Empathy Lost

"Self-focus is ultimately an empty experience. Just as a life lived without others is but a shadow of a deep, meaningful existence, a society without empathy is a shallow and troubled one."
~ Jeanne Twenge

When we look at the pains in life and the things that bring us the most amount of discomfort, we can usually trace it back to a lack of empathy in others.  Though empathy is a word that we have all heard of and is often misused in theory, the loss of it has caused immeasurable damage.  We need empathy in order to avoid causing pains that are avoidable.  We are born with the capacity to show empathy.  However, depending on what has been modeled to us and what we have experienced will dictate the level of empathy that we give to others.

Empathy can be defined as the intellectual identification with or vicarious experiencing of the feelings, thoughts or attitudes of another.  When we are infants we need our parents to tend to our needs and feel our emotions.  Once we become toddlers we need our parents to help us understand our feelings and give them proper names.  It is important to allow children to feel the full gamut of emotions so that they can learn to properly identify them and apply them.  No emotion should be demonized.  Parents just need to help their children learn to behave properly no matter what the emotion is.  The teaching of properly identifying, fully feeling and learning how to show emotions is an education that must be taught until adulthood. Because many have missed this education we have a society that is ill equipped to empathize with each other.

It would seem that empathy has all but been lost.  Many no longer desire to feel what others feel.  We no longer want to put our feelings aside and feel another's feelings. There are several reasons why we struggle with empathy. One reason is our fear of feeling our own emotions. How can I feel yours if I don't allow myself to feel my own? We have to become comfortable with the whole range of feelings and not try to suppress them or allow our defense mechanisms to cover them. The second reason is we are so consumed with our own agendas that we are always fighting to make sure we are heard. We have lost the art of communication. We are so afraid of not being validated that we don't validate others. Thirdly, we have stopped allowing our common humanity to be the link that connects us. Lastly, we have lost sight of the biblical truth to do unto others what we would have them do unto us. This lies at the heart of empathy.

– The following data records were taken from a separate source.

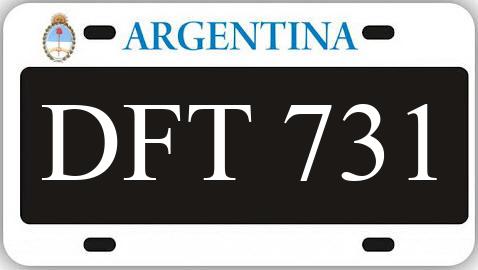 Patente DFT731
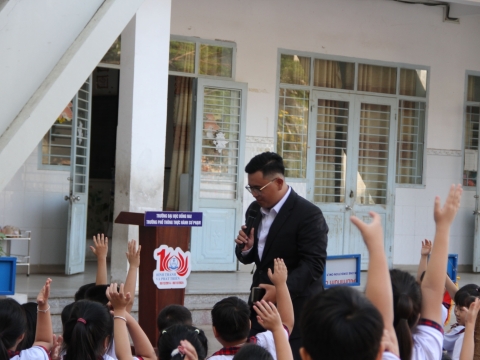 HOẠT ĐỘNG 27-3-2026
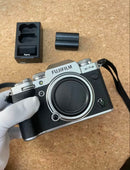 Fujifilm Mirrorless Interchangeable Lips Xt4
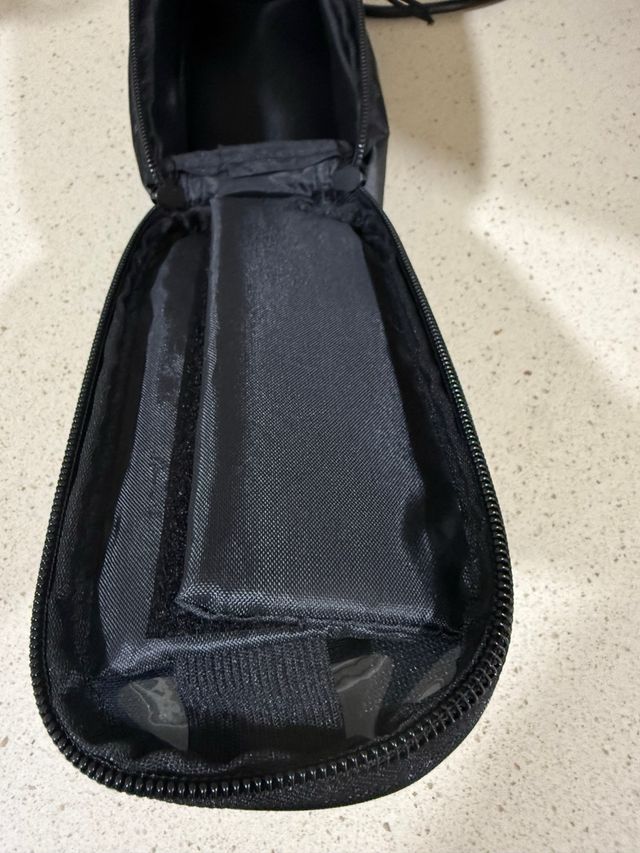 Bolsa movil impermeable para bicicleta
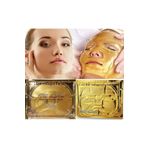 Collagen Gold Bio Yüz Maskesi - Altın Ve Kolajen Maske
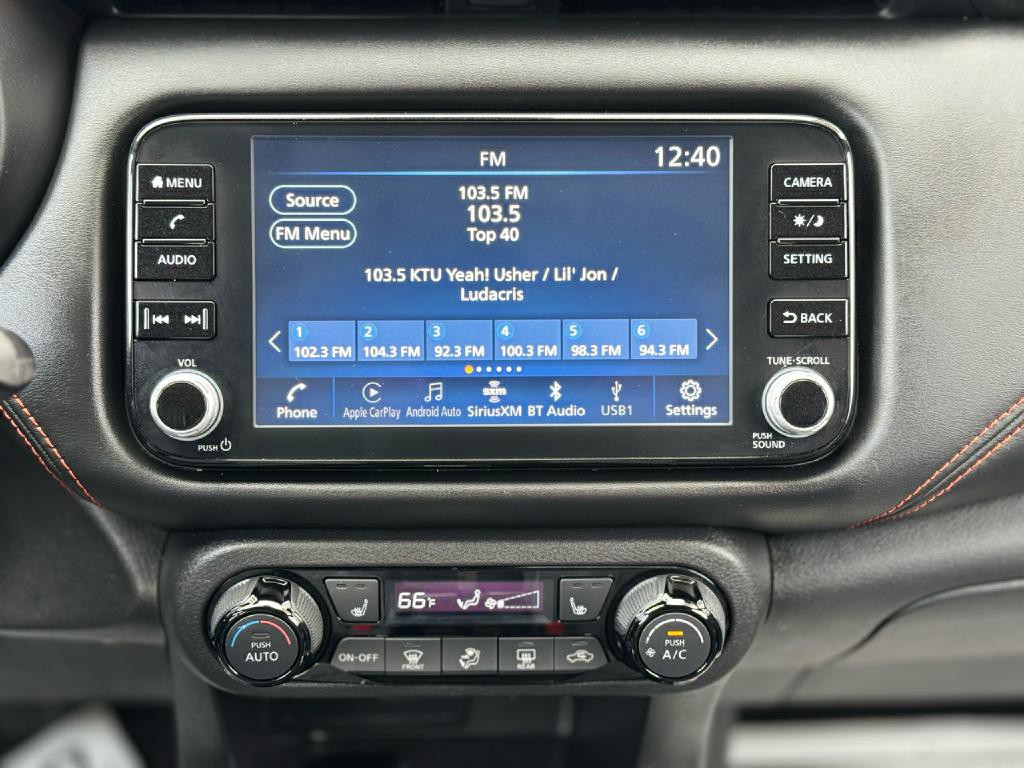 2023 Nissan Kicks Image 21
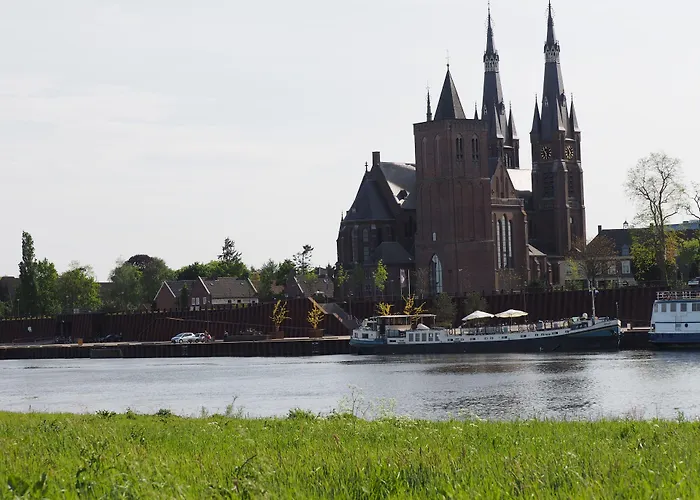 Hotelboat Allure Amsterdam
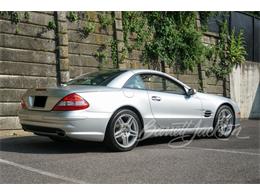 2006 Mercedes-Benz SL500 (CC-2102605) for sale in Las Vegas, Nevada
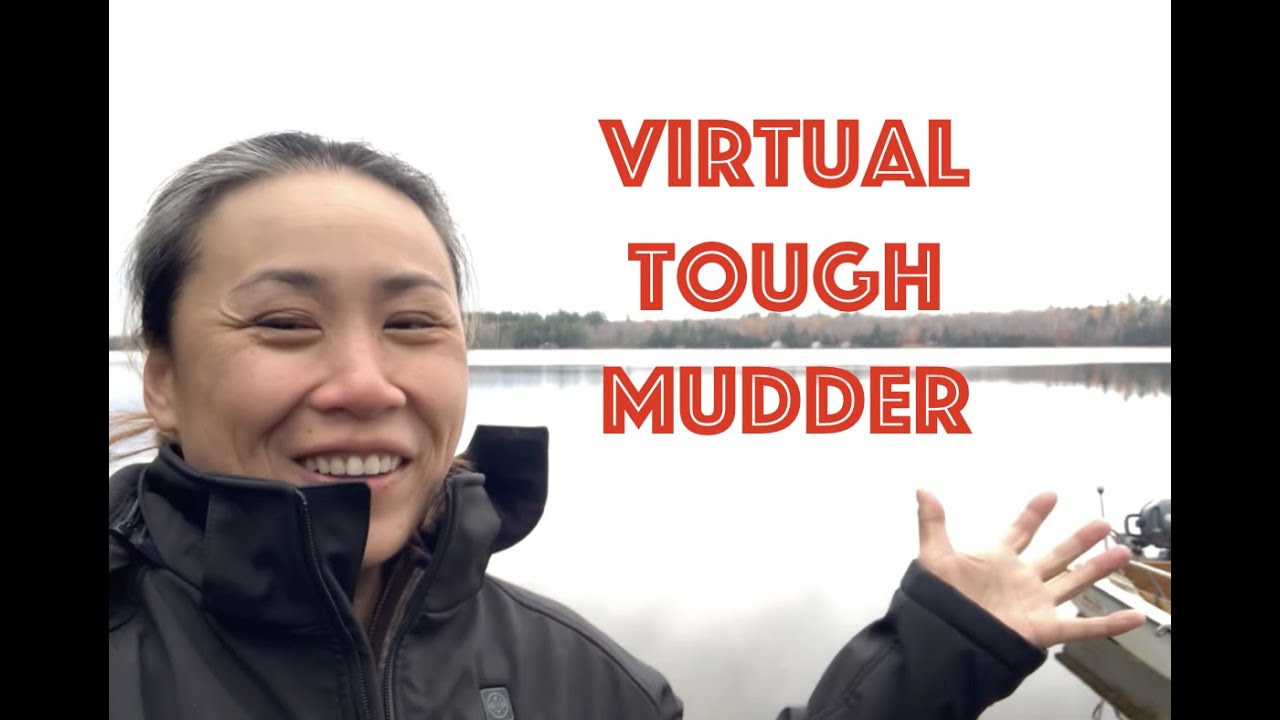 Life of Thuy - Virtual Tough Mudder 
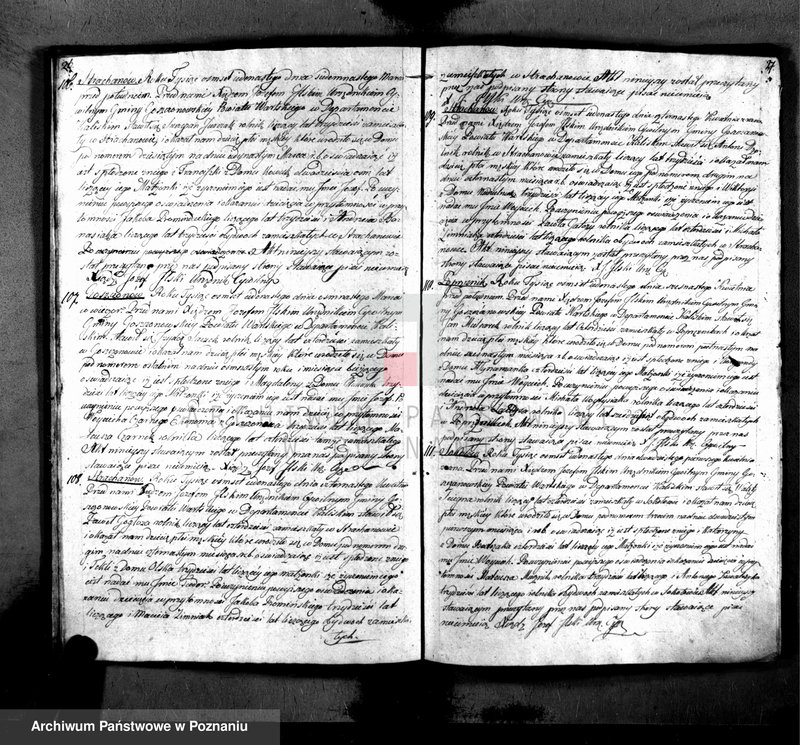 Obraz 15 z jednostki "Księga urodzenia"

I shall expand on each of the four reasons of why we have lost empathy.  Firstly, our fear of feeling our own emotions.  So many people have been taught, either directly or indirectly, that to feel and embrace your feelings is a sign of weakness.  We have been taught to cover and hide.  You know we are in a bad state when we can't even feel when we are alone. I have dealt with many clients that can't even cry when they desperately want to cry.  In our efforts to be strong, we have become very weak and fearful.  Whatever you are afraid of rules you.  Allow yourself to feel!  Stop and identify what emotions you are processing.  Find new ways to label them and not see them as bad or weak.  Teach your children to feel and when you discipline, teach them that their actions create feelings in others. 

Our selfishness is one of the biggest reasons why we are not empathic.  When you are aware of your relational insecurities and you remain conscious of them, you can relax when you are communicating with others.  When we are not mindful we stay in a perpetual state of defending and fighting to be most important.  The art of communication entails speaking without offending and listening without defending.  When my words attack, I make whomever I am speaking to defensive.  So if we can start with speaking respectfully then we can help others to listen without defending.  When I listen defensively, I stop hearing the fullness of the conversation because all I am thinking about is how to defend myself. 

Our humanness should connect us.  The very fact that we all have commonness should make us more empathic to the plight of each other.  We all have a different story and have diverse life experiences; but at the core, we all share in the same feelings.   As I tell my clients, pain is pain.  Sadness is sadness.  Rejection is rejection.  Though the way we came to experience these emotions is different, the core of the emotion is the same.  This common thread of humanity must be the glue that binds us.  When I no longer see you as similar and connected to me based solely on the fact that we are both human, we will continue to hurt, wound and devastate each other.  The truth is that we are extremely different, yet extremely alike. 

Lastly, yet not least, we would all do the world and ourselves some good if we simply listened to Jesus' words. In Luke 6:31 he states, "Do to others as you would have them do to you."  This simple golden rule has been affirmed so many times, yet we seem to always forget it in our interactions with each other.  If we can keep at the forefront of our minds, "let me treat you, as I want you to treat me," our relationships would have minimal damage.  Let me add, when Christ stated this it was not just for the people who you loved and have an intimate relationship with.  This rule was for all of humanity.  So when you are on the street, in the store, at work you are to treat others, as you want them to treat you. 

Let's decide to invest in each other.  Let's decide to care about the way people feel and the plight of those around us.  Let's decide to lower our defenses and allow others to care for us.  We must choose to take the risk and feel our feelings and share them with others around us.  If someone chooses to take that risk with you, please empathize with him or her.  You don't need to solve it, just feel it.   I love the passage of scripture that states for us to weep with those who weep and rejoice with those who rejoice.  Feel each other!  Participate in life with each other.  We can change this world if each of us decided, "I will choose to empathize with my fellow man."